We caught up with director Robert Zemeckis about his first foray into live action since 2000’s Cast Away, and does he have a special connection with plane crashes? After all, it was one of those that landed Tom Hanks on that deserted island in his last live action film! Zemeckis tells Movie Fanatic that was actually a concern and that above all, it came down to a terrific story that pushes the moral boundaries of what an audience expects from their hero.
Denzel Washington stars as an airline pilot who successfully lands a plane after a freefall and is immediately declared a hero. Upon further investigation, it is revealed that Washington’s pilot had drugs and alcohol in his system. After Zemeckis and screenwriter John Gatins have taken audiences on this journey, it is difficult to determine morally and personally what should happen to this character.
Zemeckis tells us in our interview that was the very reason he strapped himself in and took Flight.
Movie Fanatic: Your latest live action flick also features a plane crash. Coincidence or was it just about these are the last two stories that worked for you, Flight and Cast Away?
Robert Zemeckis: It’s interesting because there was a lot of discussion in my brain trust of partners and representatives about the wisdom of doing another movie with a plane crash in it. And at the end of the day, we all decided that we can’t not make something because it’s so rare to find a good screenplay like this because it happens to have a plane crash in it.
Movie Fanatic: Do you feel you walked away from live action to make Polar Express and others?
Robert Zemeckis: No, I never felt that I went away. Movies are movies. Movies are movies. Some bend light through a lens. Some create moving images virtually. At the end of the day, movies are movies.
Movie Fanatic: Such a morally challenging tale in Flight. Was there ever any discussion as to within this fiction world, that the Denzel Washington character could have landed that plane sober?

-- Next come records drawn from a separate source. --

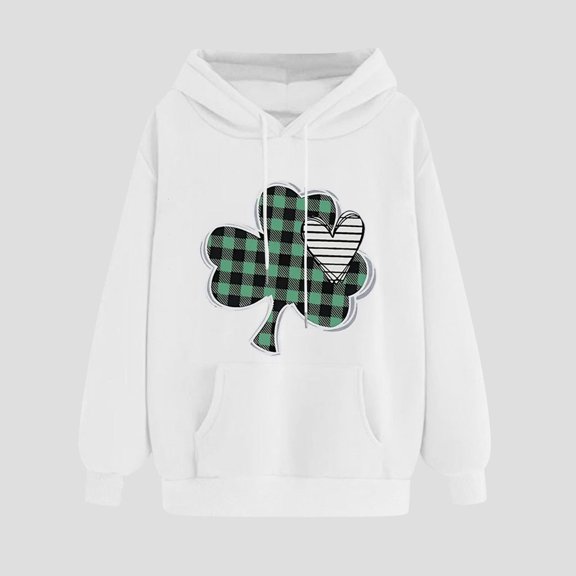 Women's St Patrick'S Day Loose Sweatshirt Pullover Clover Print Casual Irish Pullover Tops White S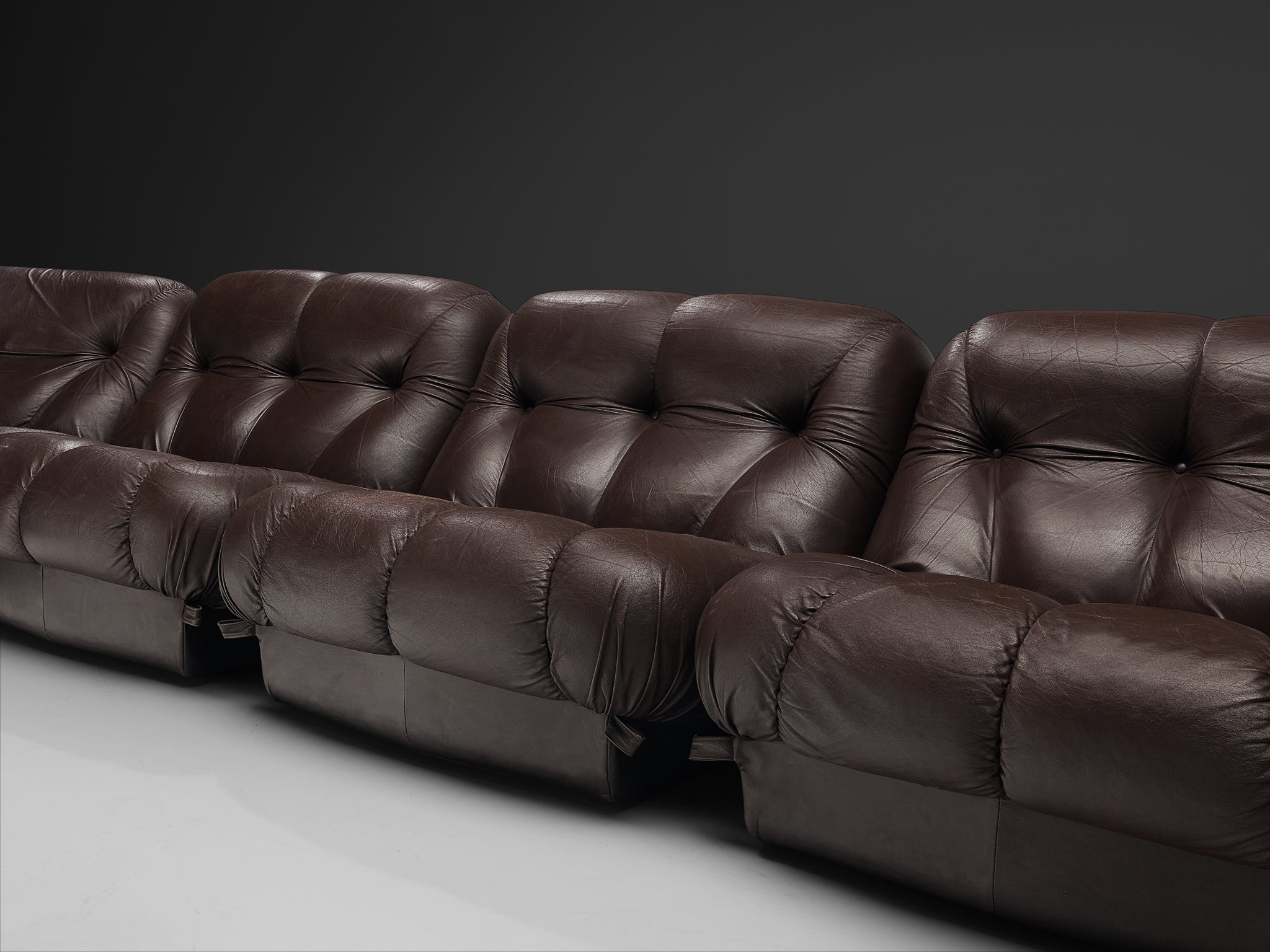 Rimo Maturi for Mimo Padova Sofa Model ´Nuvolone´ in Brown Leather Seating Morentz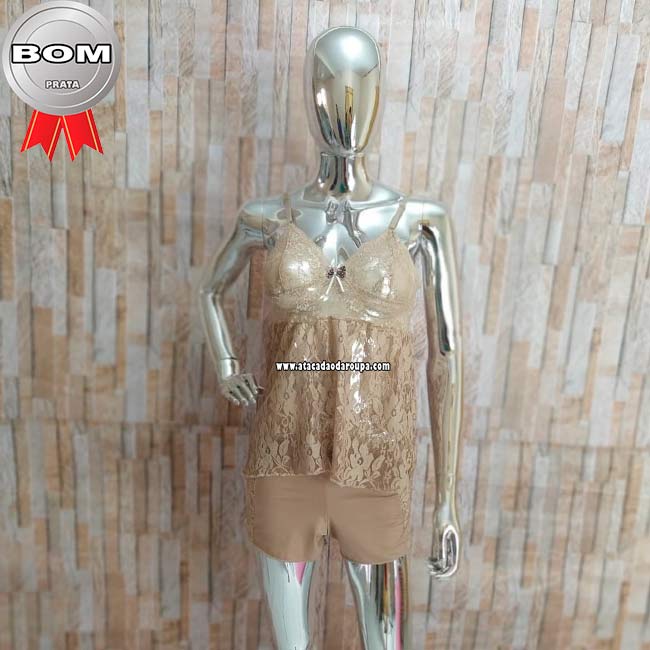 Short Dool Liso Renda Microfibra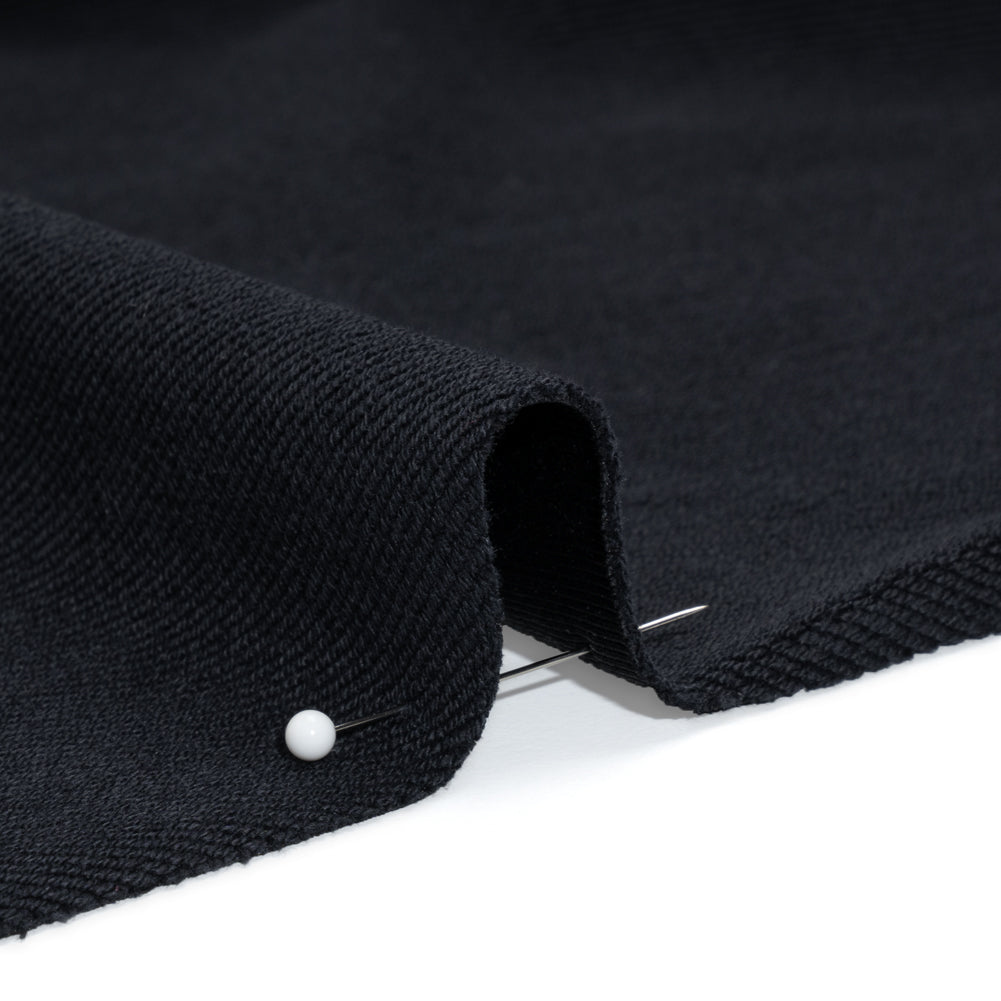 Stretch Cotton and Nylon Twill French Terry Knit - Black and Midnight - Joann Fabrics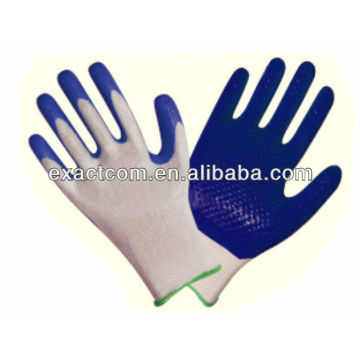 13 GUAGE NYLON GARDEN SAFETY WEIß POLYESTER HANDSCHUH BESCHICHTET MIT BLAUEM NITRAL DOTS AUF PALM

Robert Zemeckis: We talked a lot about a lot of things [laughs], and one of the things that Denzel and John and myself talked about was what I loved about the script was so much of the ambiguity. And that’s one of the big ambiguous questions. Then with that speech that Don Cheadle makes about how ten pilots couldn’t do it. And, of course, the part he leaves out is that they were all sober. Maybe because he was a little bit loose he was able to do something that no one who wasn’t would have done, and in that case saved a lot of lives. But I mean obviously we’re not endorsing that we think pilots should fly in that state. I don’t think any of us would want to fly in a plane like that. He did commit a felony.

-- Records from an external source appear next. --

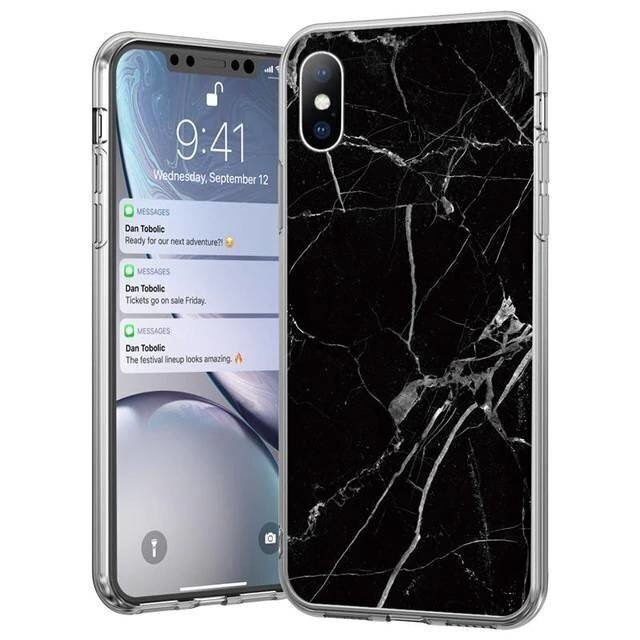 Wozinsky Marble TPU case cover for Xiaomi Mi 10 Lite black (Black) цена и информация | Telefonide kaitsekaaned ja -ümbrised | hansapost.ee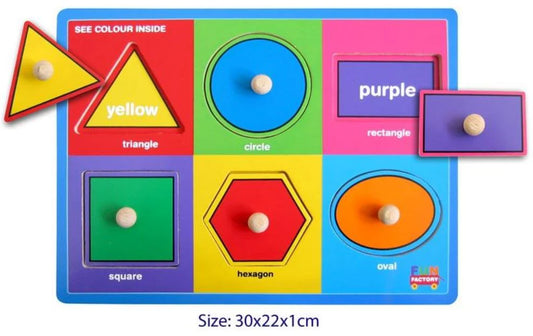 Shape & Colour Recognition Wooden Peg Puzzle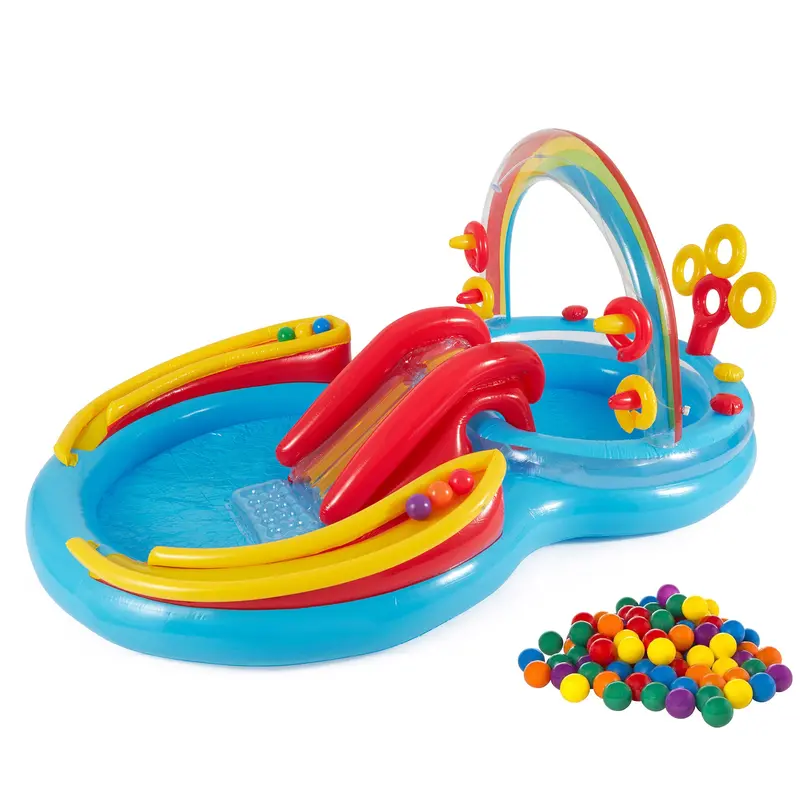 Intex Rainbow Ring Inflatable Pool Play Center – Includes 100 Multi-Color Bouncy Balls 1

Movie Fanatic: There’s a fateful scene where Denzel is challenged by a vodka bottle after he’s been sober for a while. The hotel room door next to his is open and there’s a fridge full of booze. How do you make to drink or not to drink so suspenseful?
Robert Zemeckis: I always wanted the scene to be suspenseful and I wanted it to sort of evoke that. I wanted it to have sort of an ethereal feeling. So I constructed the refrigerator so that the actual walls of the refrigerator glowed and shot all of Denzel’s performance at 64 frames so that I could dial different speeds of his movement to make it look almost surreal. But I was channeling one of my favorite directors, which is Mr. Hitchcock, and I was pulling a lot of shots out of his playbook for that scene. I just thought this idea was that the alcohol was a siren. You know, it was just calling him and calling him.
Movie Fanatic: There are varying theories why that door was open. Do you think Don Cheadle’s character had anything to do with it?
Robert Zemeckis: Well, Don always thought his character was sort of the devil [laughs]. So we had endless conversations about it, but we felt that the right choice obviously was to leave it ambiguous because stuff happens. It probably was just the housekeeper, you know. It was the housekeeper who ends up I guess saving Whip’s life at the end of the day, right?
Movie Fanatic: Why do we root for Denzel as Whip to get away with it? He is a hero after all!
Robert Zemeckis: I appreciate that you said that. It is so unique and that is exactly what attracted me to this script because it was bold and it was audacious and I loved the complexity of everything. And I loved the moral ambiguity of every character in every scene and every aspect of the script.